### [WHAT IS NEEDED]
Output nothing except the lines from the one containing "Box (1 of 6)" through the final line of the data, both included, typed exactly, minus the pictures.

### [SUPPLIED INFORMATION]
Start of Block

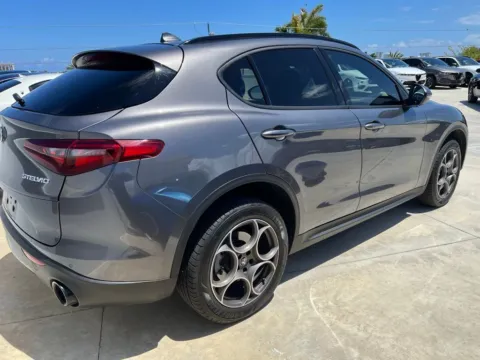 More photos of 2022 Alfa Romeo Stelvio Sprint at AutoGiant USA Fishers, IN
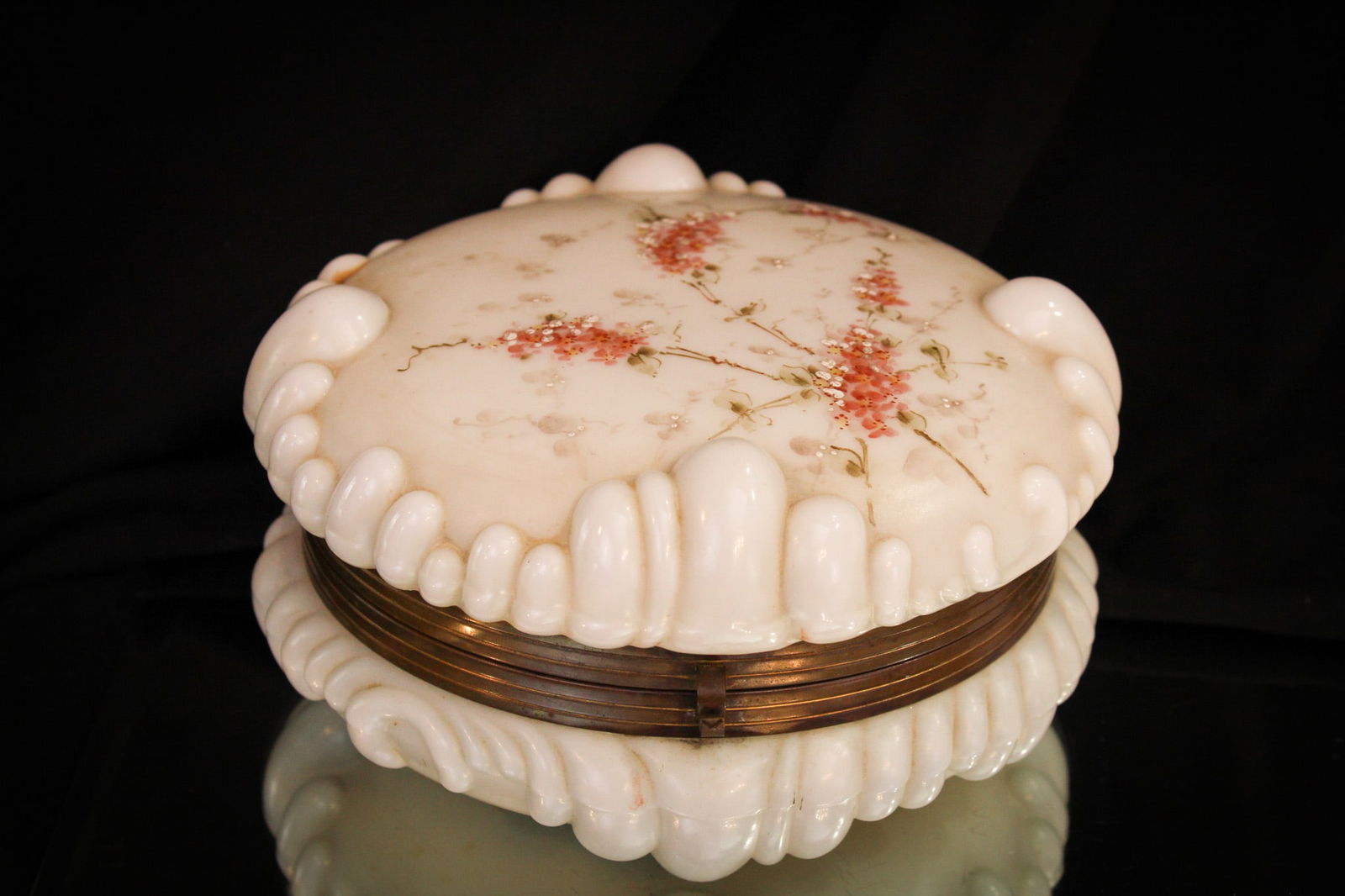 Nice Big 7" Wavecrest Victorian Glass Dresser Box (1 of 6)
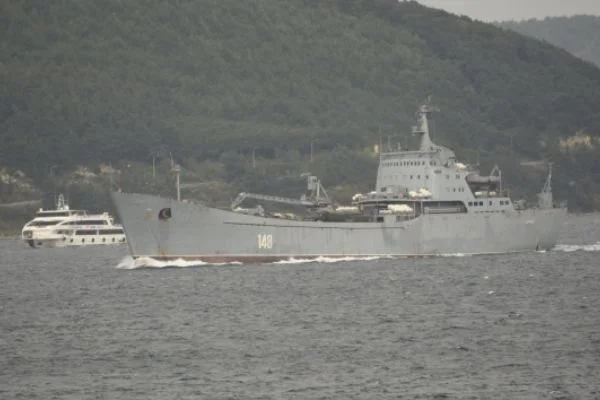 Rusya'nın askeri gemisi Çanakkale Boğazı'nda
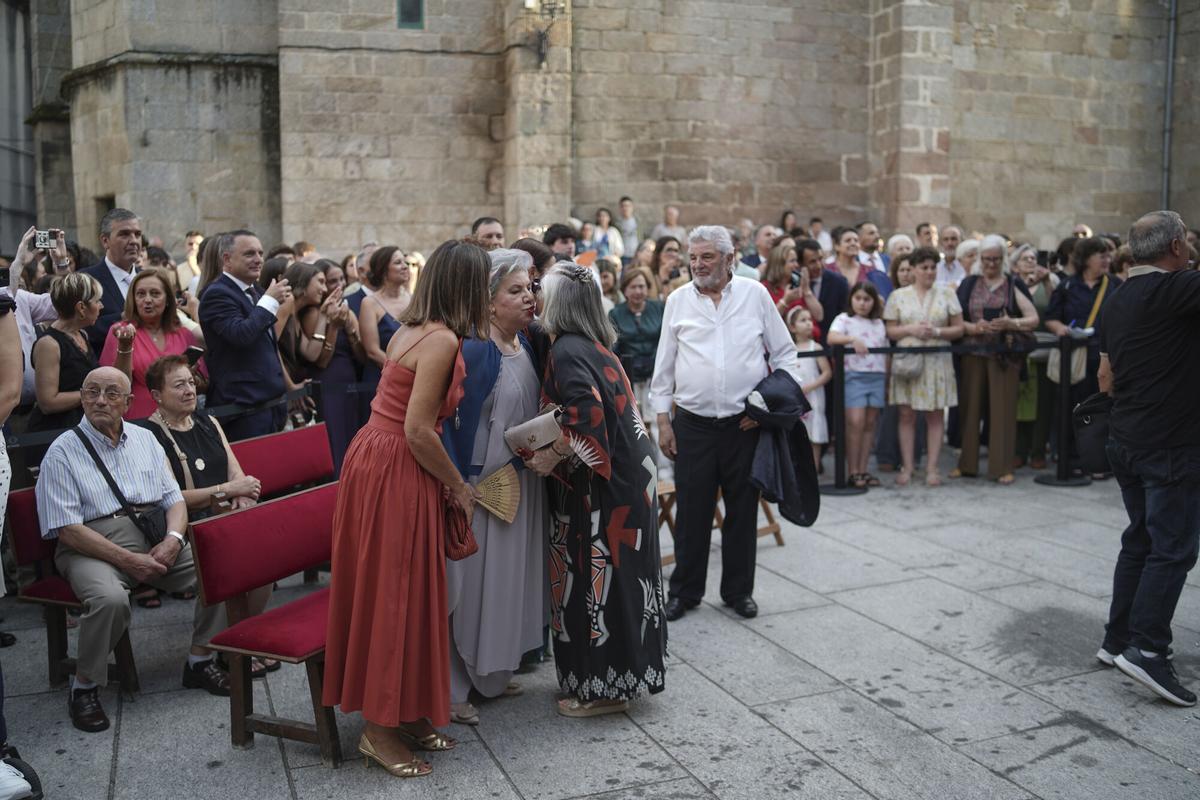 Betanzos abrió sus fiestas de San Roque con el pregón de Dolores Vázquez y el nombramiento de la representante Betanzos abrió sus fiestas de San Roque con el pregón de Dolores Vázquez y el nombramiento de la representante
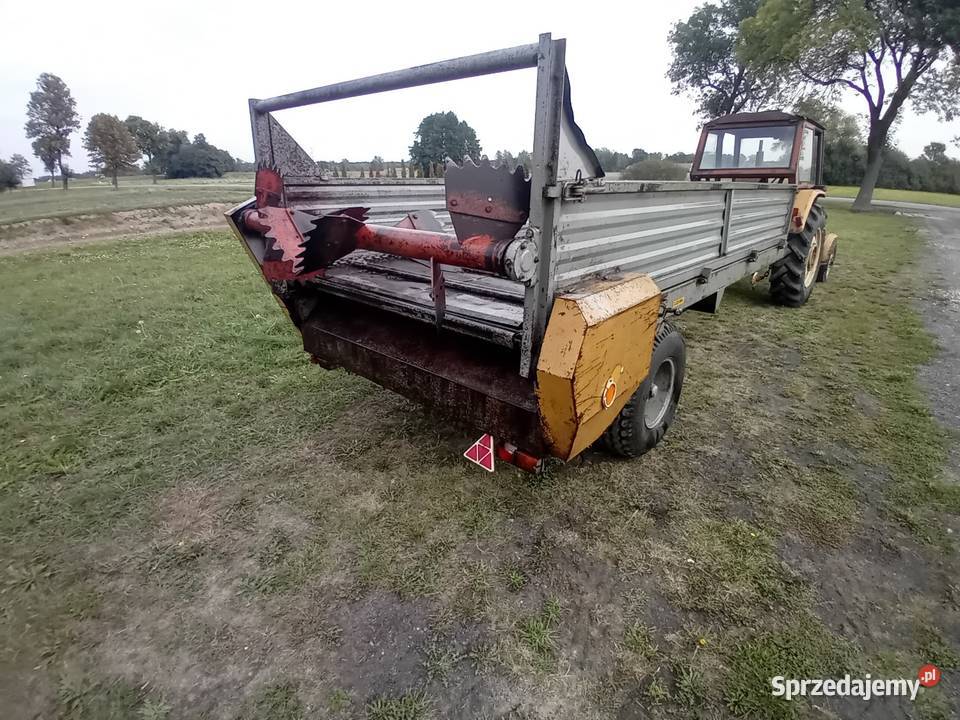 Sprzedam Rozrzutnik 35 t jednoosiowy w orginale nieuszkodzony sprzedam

End of Block

### [COMPLETED EXERCISE]
 Nice Big 7" Wavecrest Victorian Glass Dresser Box (1 of 6)
 Rusya'nın askeri gemisi Çanakkale Boğazı'nda
 Betanzos abrió sus fiestas de San Roque con el pregón de Dolores Vázquez y el nombramiento de la representante Betanzos abrió sus fiestas de San Roque con el pregón de Dolores Vázquez y el nombramiento de la representante
 Sprzedam Rozrzutnik 35 t jednoosiowy w orginale nieuszkodzony sprzedam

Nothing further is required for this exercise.